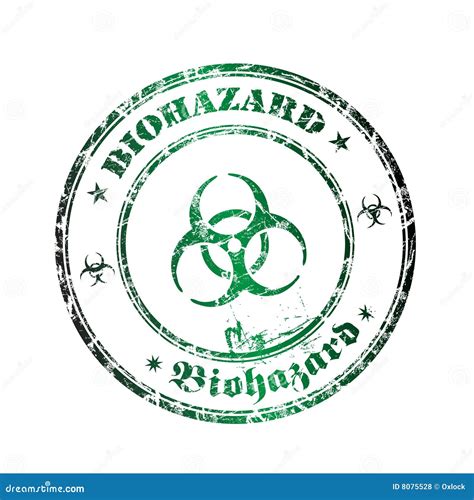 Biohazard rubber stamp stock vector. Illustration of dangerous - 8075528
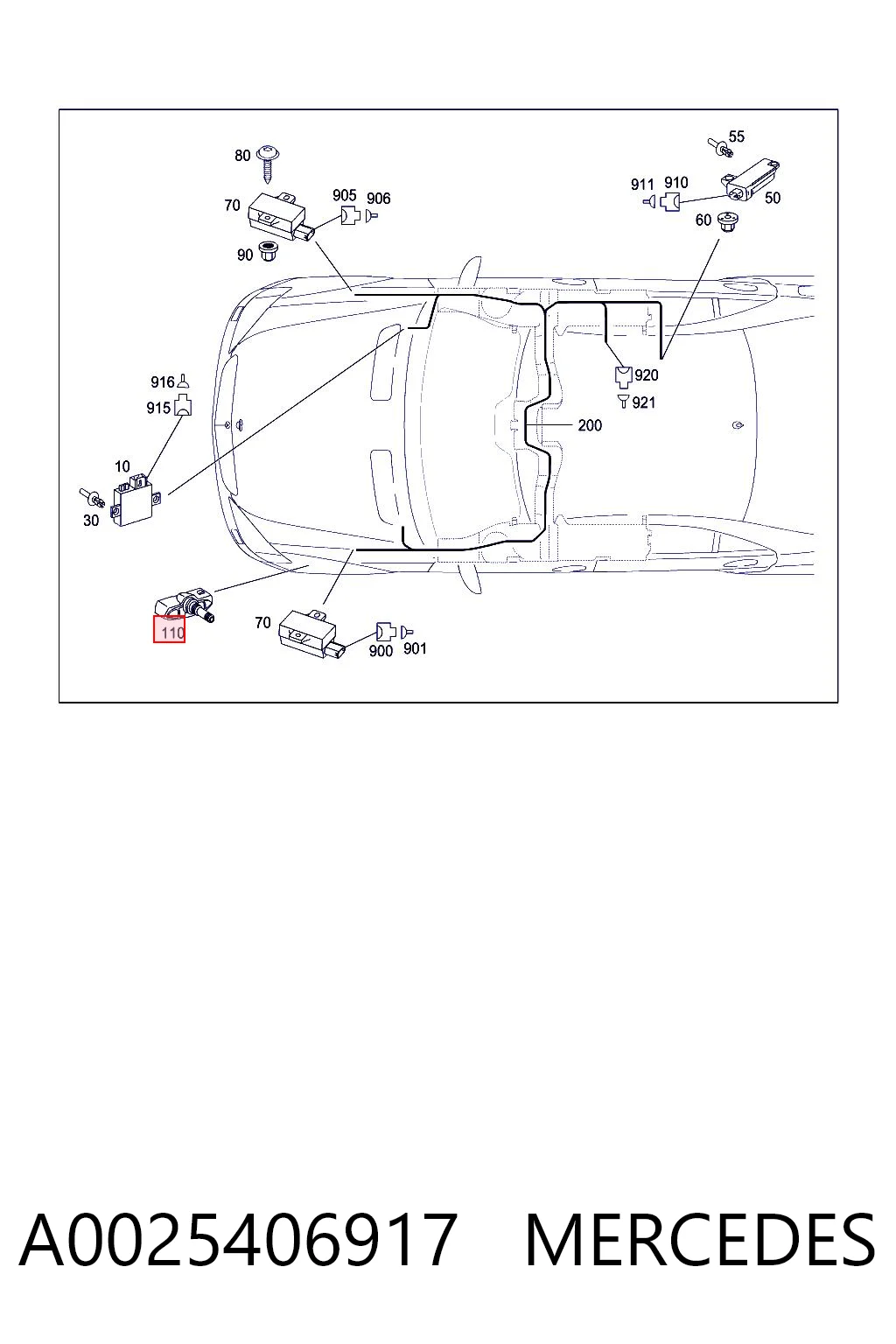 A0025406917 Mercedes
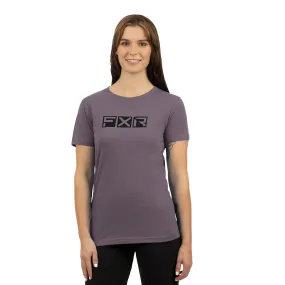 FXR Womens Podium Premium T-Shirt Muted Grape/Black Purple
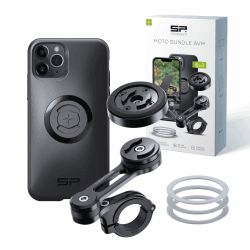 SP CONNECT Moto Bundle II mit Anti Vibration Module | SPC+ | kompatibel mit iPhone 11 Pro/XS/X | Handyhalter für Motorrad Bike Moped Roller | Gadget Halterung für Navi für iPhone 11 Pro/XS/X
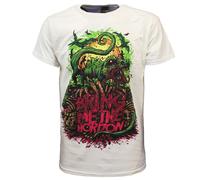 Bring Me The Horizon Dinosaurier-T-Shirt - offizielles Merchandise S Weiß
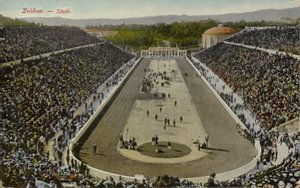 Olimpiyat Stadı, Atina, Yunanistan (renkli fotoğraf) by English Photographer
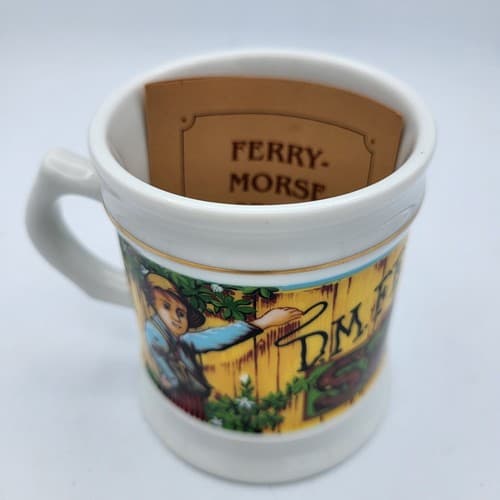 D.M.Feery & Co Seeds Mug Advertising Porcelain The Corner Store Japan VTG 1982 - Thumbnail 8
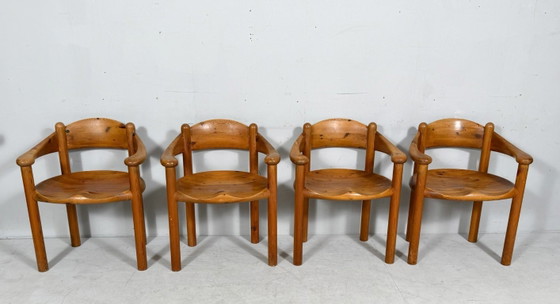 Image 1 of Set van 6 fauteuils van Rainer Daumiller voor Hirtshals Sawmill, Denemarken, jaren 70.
* * *
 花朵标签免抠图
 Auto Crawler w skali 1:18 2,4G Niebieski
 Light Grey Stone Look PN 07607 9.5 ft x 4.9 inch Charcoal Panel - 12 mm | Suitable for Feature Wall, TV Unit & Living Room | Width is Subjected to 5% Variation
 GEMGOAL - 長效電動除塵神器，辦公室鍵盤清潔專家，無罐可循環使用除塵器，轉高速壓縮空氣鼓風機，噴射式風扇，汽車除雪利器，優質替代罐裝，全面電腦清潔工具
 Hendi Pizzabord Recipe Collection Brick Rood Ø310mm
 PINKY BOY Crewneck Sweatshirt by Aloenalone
* * *
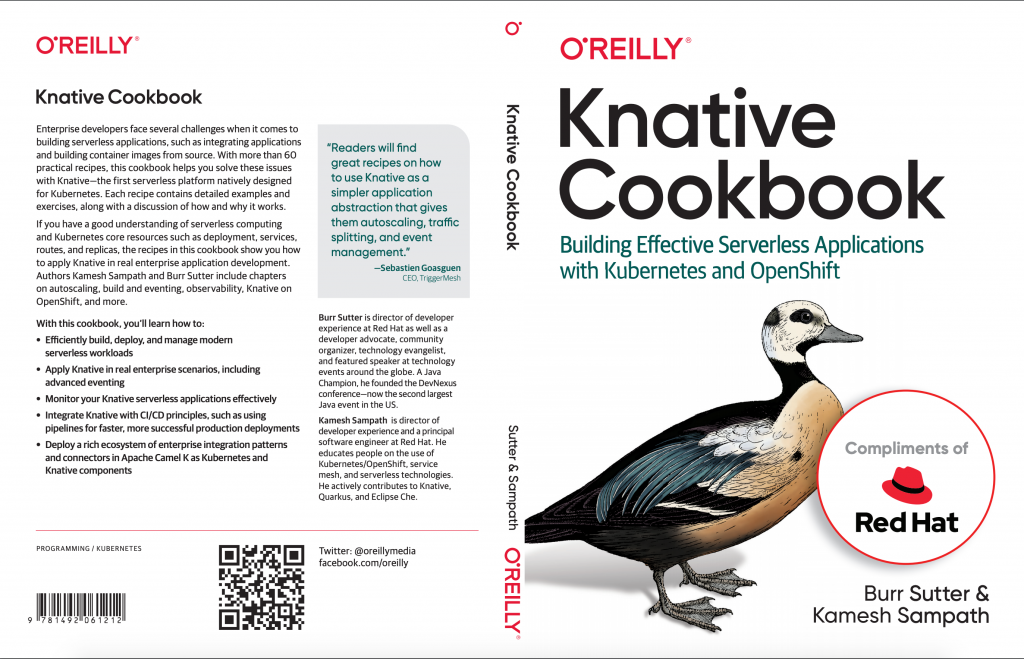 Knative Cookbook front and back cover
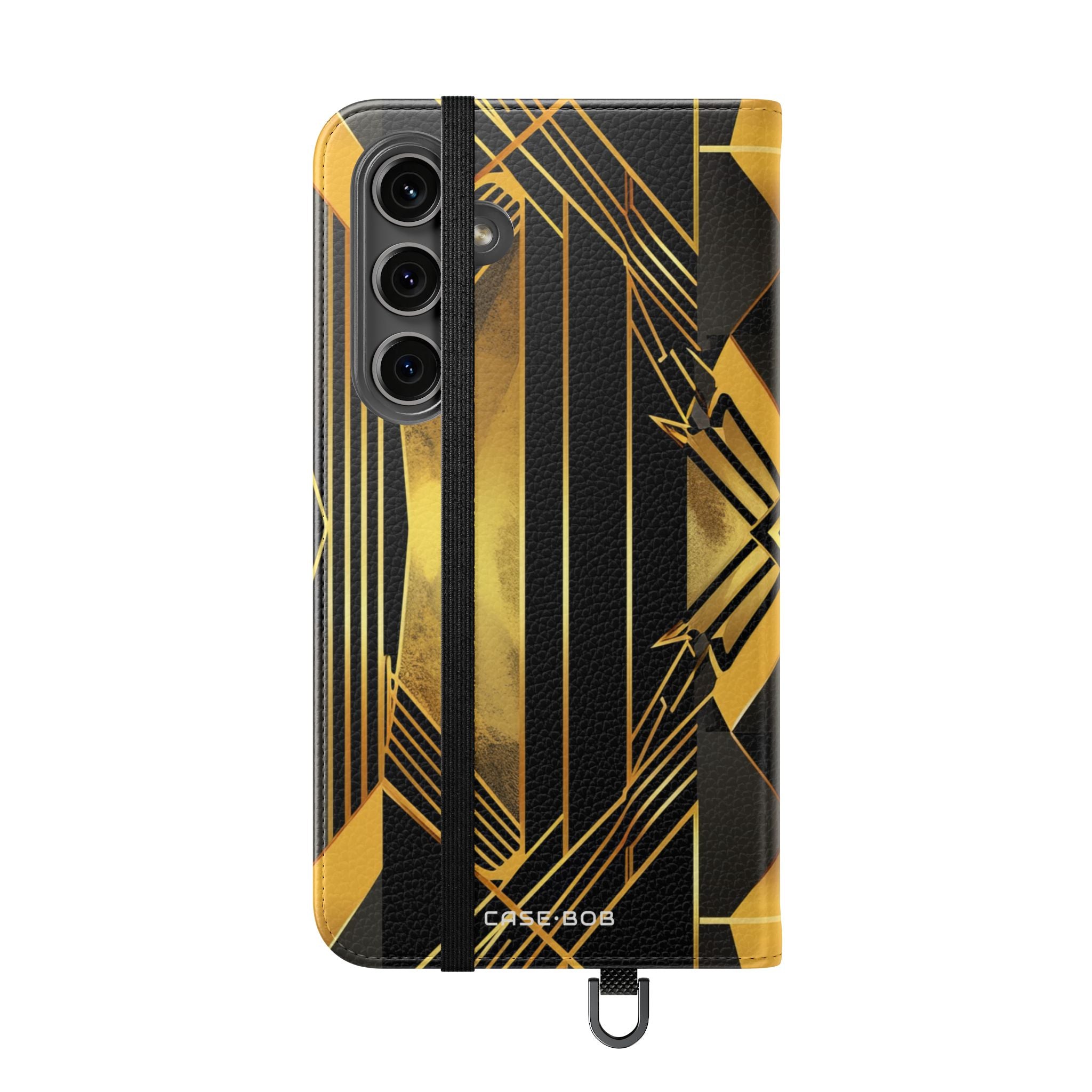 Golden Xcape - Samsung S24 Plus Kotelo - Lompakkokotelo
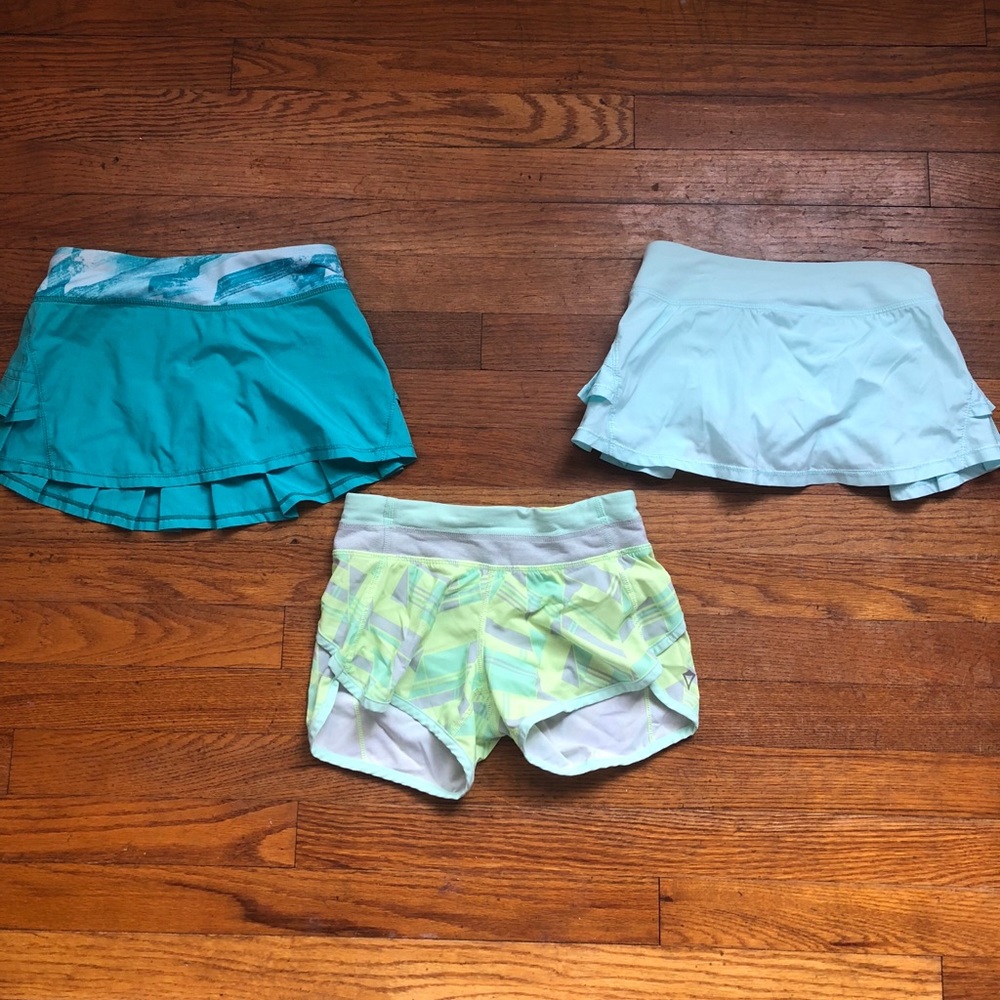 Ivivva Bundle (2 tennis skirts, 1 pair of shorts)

Problem details —
Go back to the listing above and reproduce, exactly, the stretch from the line bearing "FXR Womens Podium" through the line bearing "Image 1 of Set", without its pictures.

The completed task —
 FXR Womens Podium Premium T-Shirt Muted Grape/Black Purple
 SP CONNECT Moto Bundle II mit Anti Vibration Module | SPC+ | kompatibel mit iPhone 11 Pro/XS/X | Handyhalter für Motorrad Bike Moped Roller | Gadget Halterung für Navi für iPhone 11 Pro/XS/X
 Bring Me The Horizon Dinosaurier-T-Shirt - offizielles Merchandise S Weiß
 Olimpiyat Stadı, Atina, Yunanistan (renkli fotoğraf) by English Photographer
 D.M.Feery & Co Seeds Mug Advertising Porcelain The Corner Store Japan VTG 1982 - Thumbnail 8
 Image 1 of Set van 6 fauteuils van Rainer Daumiller voor Hirtshals Sawmill, Denemarken, jaren 70.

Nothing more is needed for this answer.